Another upper women’s garment was called the telogreya (Fig. 24). It was also worn over the sarafan and was similar to it in cut, but had long, narrowing to the hand sleeves, sometimes – collapsing/folding [pushed up on the arms in wrinkles?].  The telogreya was open down the front with a multitude of buttons (from 14 to 24), which usually were not all fastened.  It was sown of silk material, on a silk lining or on fur. The telogreya was widespread already in the middle of the 16th century.  In any case, A. Kurbskij reproached tsar Ivan the Terrible that instead of answering in essence, he mixed important and everyday details, he wrote “about bed, about telogreya” (Perepiska, p. 115).  The telogreya was very elegant: “Telogreya kuftyanay [?] damask colored, al sholk [silk?] and yellow, hammered gold lace, buttons of gilded silver” –we read in the description of a dowry, enumerated also 3 such a luxurious telogreya of chervchatogo [“chochineal’] and alogo [scarlet] (that is various shades of red) color (ASh., No 103, p. 185-188).  But on the whole the telegreya is met in documents of the 17th century not often, and more rarely than other objects of women’s clothing.

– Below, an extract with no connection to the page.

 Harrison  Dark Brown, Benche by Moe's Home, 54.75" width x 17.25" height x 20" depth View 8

The favorite outdoor garment, worn by men and women in spring and fall (as we now say – two-season), was the odnoryadka (Fig. 25).  Odnoryadki were sown of broadcloth or other wool fabric “in one layer” (that is evidently, without a lining), which one thinks caused also its name.  This was an open-down-the-front, long, wide garment with long folding/collapsing sleeves and a slit for the hand at the armholes.  The skirt of it was made shorter in front than in back.  “Odnoryadka women’s broadcloth, karmazin [thick red broadcloth] raspberry color, on 12 large silver buttons of filigree work, and an odnoryadka women’s cherry” – said in description of property of landowning person in on the year 1672.  We meet in descriptions also record of pieces of fabric:  “broadcloth for odnoryadka blue”. “Odnoryadka azure blue [lazorevaya] bryukishna [?]” recorded in a will from the beginning of the 16th century (AYu, No 415, p. 445).

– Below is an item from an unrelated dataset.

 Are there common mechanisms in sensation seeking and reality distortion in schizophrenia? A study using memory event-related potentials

In summer, prosperous men and women wore over the shoulder, “na opash”, light silk opashni of loose cut with long narrowing-to-the-wrist sleeves, on a silk or cotton lining.  The skirt of the opashna, like that of the odnoryadka, was longer in back; it was worn with sleeves, but not belted (Sav., p. 93). Such an opachen was found during the construction of the Moscow subway in cracks in the wall of Kitajgorod (Kiselev, 1936, p. 158; Rabinovich, 1964, p. 281).

A specifically men’s garment was the okhaben’ (okhoben’, okhobenek) – similar in cut to the odnoryadka, but with a large laid-down collar, hanging below the shoulder blades.  (Sav., p. 95) (Fig. 26). It had also long (even to the hem, reaching the ankles) folding/collapsing sleeves and a slit for the hand.  The opashen’ was decorated with large buttons. “Opashen velvet green with gold eleven buttons pear-shape [?грушчатых]… opashen camlet light-green amburskyj [Hamburg?] nine silver, pomegranate-shaped buttons..  Created an “ – you read in the will of prince Yu.A. Obolenskij, compiled in the middle of the 16th century (AFZIKh, II, No 207, p. 207-214).

The sarafanets – a long, rather narrow open-down-the-front men’s garment, giving, as noted already, its name also to the women’s sarafan, evidently was not very widespread. Recorded at first at the end of the 14th century, it was kept until the middle of the 17th century only among the nobility.  Prince Obolenskij had a yellow silk sarafanets, fastened with 23 gold and silver buttons.

The armyak (Iranian, urmak), which ordinary people sewed of thick homespun broadcloth – armyachiny, was a loose khalato-like [a khalat is a bathrobe, dressing gown, etc.] upper outdoor garment.  But noble people wore armyaki only at home (Sav., p. five) and sewed it of more valuable fine fabrics.  Prince Obolenskij had “armyak mukhoyar [Asian cotton blend fabric] azure” and “armyak fine linen”.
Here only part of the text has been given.